In machine learning, it is common to use decimal values in the datasets. For example, the Iris dataset contains 151 data samples with features of flowers and to which of the 3 species options they belong: "setosa", "versicolor" or "virginica". This is a snippet with some of the entries:

sepal_length	sepal_width	petal_length	petal_width	species
5.1	3.5	1.4	0.2	setosa
7.0	3.2	4.7	1.4	versicolor
7.7	2.8	6.7	2.0	virginica
6.7	3.3	5.7	2.1	virginica

The problem here is that the standard Noir data types do not support decimal values, so one of the first tasks was to decide how to represent these data points in our system. There were three things to consider:

We need support for decimal values.
We need support for negative values.
We need to achieve good performance

After some testing, we decided to go with the strategy proposed by Catrina and Saxena, in which decimal values can be represented as fixed-point values, and the latter can be encoded as elements in a finite field. Following that idea, we store a signed and scaled fixed-point value in a single Field element:

pub struct Quantized {
    pub x: Field,
}

Dealing with signed values: if the value is positive, it is represented as itself. If it is negative, it is represented as p - x where p is the modulus of the field we're working over.
Bitsizes: A field element has 254 bits where the first half can be used for positive values, and the second half for negative ones. However, we want to make use of the function decomposed, which splits a Field up into 128 first bits and the remaining 126 last bits. So for both positive and negative values we will use a maximum of 126 bits, and the two "left over" bits in the middle should stay unused always.
Prevent overflow/underflow: to maintain above bitsize always, we add checks on the bitsize of inputs before performing arithmetic. More on this later on.
Scaling the values: all values we work with have been multiplied by $2^{16}$ . This means they are scaled by $2^{- 16}$ . For example, Quantized { x: 65536 } equals 1, and Quantized { x: p-1 } equals $- 2^{- 16}$ .

Visually, you can think of a Field element with space for 254 bits like this |_,_,...,_,_|. We can represent both positive and negative numbers in this type, by occupying different areas within that field.

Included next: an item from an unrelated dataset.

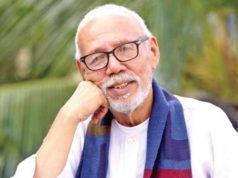(ভিডিও)সহকারী পরিচালক থেকে কিংবদন্তি অভিনেতা, যেভাবে এটিএম শামসুজ্জামানের উত্থান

Positive numbers will only have maximum 126 bits set in the first half: |x,x,x,x,..,x, .. ,_,_,_,_|. Negative numbers will only have maximum 126 bits set in the second half: |_,_,_,_, .. x,x,x,..,x|. We prevent overlap that can occur due to arithmetics by asserting the proper bitsizes on inputs before doing any addition, subtraction or multiplication. The benefit of this choice is that a Field is already the standard type of Noir; all other types such as u8, u16, u32 etc. under the hood are Fields with additional rangechecks. This means that Fields are the most performant, which is exactly what we are looking for.

Simple arithmetic

Another benefit of this approach is that arithmetic is rather straightforward, because of the modular arithmetic in a field. Adding a pair of Quantized values automatically works by adding the underlying field values. The same holds for subtraction. For example, let's say we have decimal values $4.5 + (- 3.1)$ . First we represent them as Quantized:

$4.5 * 2^{16} = 294912$
$3.1 * 2^{16} = 203161.6$ . Notice that this value has some decimal numbers, so we truncate it to $203161$ .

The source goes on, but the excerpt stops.